Genel olarak; erken taburcu olan bebeklerin daha erken görülmesi gerekir (7).
§
24 saatten önce taburcu olanlar, yaşamlarının 72 saatinde,
§
24-‐47,9 saat arasında taburcu olanlar, yaşamlarının 96 saatinde,
§
48-‐72 arasında taburcu olanlar yaşamlarının 120 saatinde görülmelidir.
Eğer hiperbilirubinemi için risk faktörü varsa ve uygun takip yapılamayacaksa
hiperbilirubinemi riskinin en yüksek olduğu zaman dilimi geçinceye kadar taburculuk ertelenmelidir.
Her kontrolde yenidoğanın ağırlığı, ağırlık kaybı yüzdesi, beslenmesi yanında idrar, gaita sayı
ve rengi, sarılık olup olmadığı değerlendirilmelidir.
18
B2h) Uzamış sarılık
Term bebeklerde iki haftadan, preterm bebeklerde üç haftadan uzun süren sarılıklar uzamış sarılık
olarak tanımlanır (15). Uzamış sarılıklarda direkt bilirubin yüksekliği her zaman patolojiktir ve kolestaz
nedenleri araştırılmalıdır.
Anne sütü ile beslenen bebeklerde formül mama ile beslenenlere göre sarılık daha uzun
sürer. Anne sütü ile beslenen bebeklerin %15-‐40‘ında uzamış sarılık görülür (62). Uzamış sarılıkların
büyük çoğunluğu anne sütü sarılığıdır. Ancak anne sütü sarılığı demek için diğer nedenlerin dışlanması
gerekir. Uzamış sarılığı olan bebekte öykü ve fizik muayeneden sonra aşağıdaki başlangıç testleri
yapılmalıdır;
1. Direkt, indirekt bilirubin tayini
2. Anne -‐ bebek kan grubu, direkt Coombs testi
3. Tam kan sayımı, periferik yayma
4. G6PD
5. Tiroid fonksiyon testleri (TSH, sT4)
6. İdrar tetkiki, idrar kültürü
7. İdrarda indirgen madde
8. Direkt bilirubin yüksekliği yoksa karaciğer enzim düzeylerinin bakılmasına gerek yoktur
B2i) Sarılıklı bebeklerde kaçınılması gereken ilaçlar
Hiperbilirübinemili hastalarda sulfamidler, dikloksasilin, sefoperazon ve seftriakson kullanılmasından
kaçınılmalıdır (63, 64).
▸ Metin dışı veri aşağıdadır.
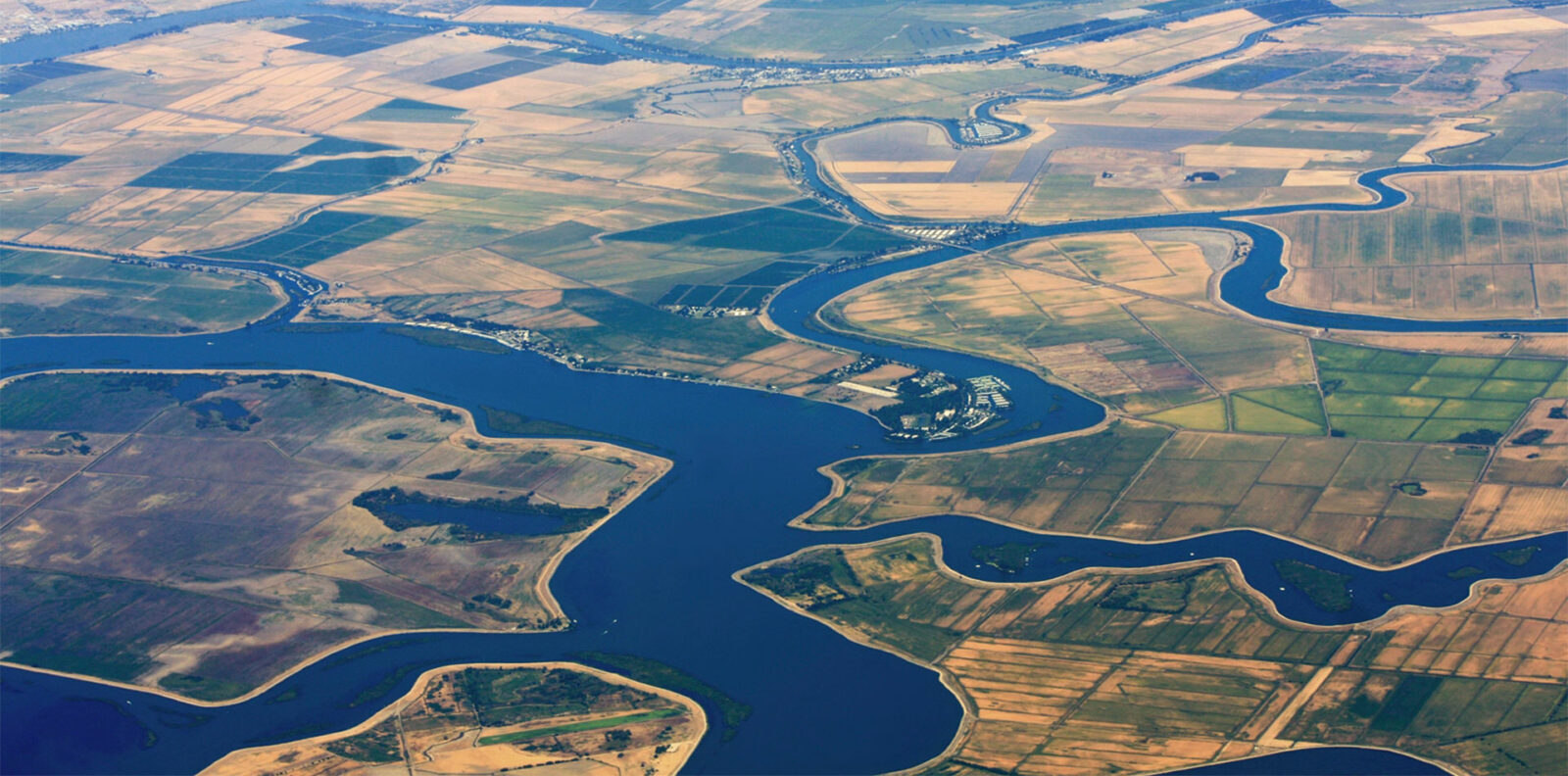 Aerial of San Joaquin Delta in California showing meandering waterways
Sulfisoksazol, indometasin, ibuprofen, salisilatlar, hatta ampisilin de hızlı veri-‐
lirse bilirubinle albümine bağlanma açısından yarışmaya girer ve bu maddelerin varlığında serumda
serbest/bağlı bilirubin oranı artar (65, 66). Bu nedenle bu ilaçlar kullanılırken dikkat edilmelidir. Ciddi
hiperbilirubinemisi olan bebeklerde lipid solüsyonlarının 2 gr/kg üzerinde verilmesi önerilmemektedir
(67).
1. Sarılıklı bebekler risk faktörleri açısından değerlendirilmelidir.
2. Düşük gebelik haftası ve tek başına anne sütü ile beslenme en önemli hiperbilirubinemi risk
faktörüdür.
3. G6PD eksikliği akut hemoliz ile ilişkili olup ciddi hiperbilirubinemi ve bilirubin ensefalopatisi
ile sonuçlanabilir. Bu nedenle tedavi gerektiren tüm sarılıklı bebeklerde bakılmalıdır.
4. Her yenidoğan taburcu olmadan önce ciddi hiperbilirubinemi gelişim riski için
değerlendirilmeli, risk değerlendirme protokolleri oluşturulmalıdır.
5. Bilirubin ölçümleri nomogramda değerlendirilmeli ve izlem planı risk faktörleri de dikkate
alınarak yapılmalıdır.
6. Taburculuk öncesi alınan bilirubin düzeyi yüksek risk bölgesinde (>95 persantil) olan
yenidoğanlar taburcu edilmemelidir.
7. Kontrol randevuları bebeğin taburcu olduğundaki yaşına ve risk faktörlerinin olup
olmamasına göre düzenlenir.
8. Her kontrolde bebeğin ağırlığı, ağırlık kaybı yüzdesi, beslenmesi yanında idrar, gaita sayı ve
rengi, sarılık olup olmadığı değerlendirilmelidir.
9. Term bebeklerde iki haftadan preterm bebeklerde üç haftadan uzun süren sarılıklar uzamış
sarılık olarak tanımlanır.
10. Uzamış sarılığı olan bebeklerde öncelikle direkt ve indirekt bilirubin tayini yapılmalıdır.